Return only the lines below starting at the line containing "Waterproof Spray Side Effects" and ending at the line containing "Girls (Live at", both included, exactly as they are and with no pictures.

GIVEN RECORDS →
====

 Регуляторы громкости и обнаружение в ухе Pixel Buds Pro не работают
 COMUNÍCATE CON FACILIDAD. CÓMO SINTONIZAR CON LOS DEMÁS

====

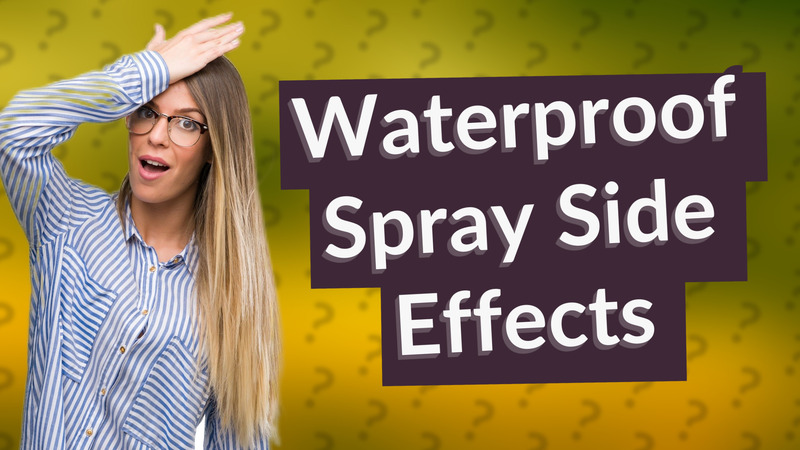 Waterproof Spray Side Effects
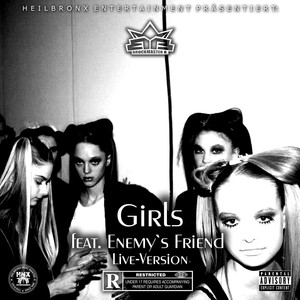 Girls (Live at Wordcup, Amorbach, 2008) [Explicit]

====

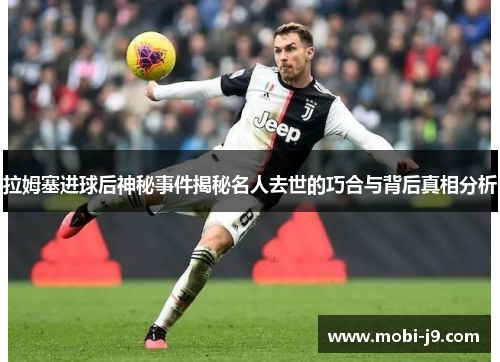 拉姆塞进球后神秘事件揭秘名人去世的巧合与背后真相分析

====

RESULT →
 Waterproof Spray Side Effects
 Girls (Live at Wordcup, Amorbach, 2008) [Explicit]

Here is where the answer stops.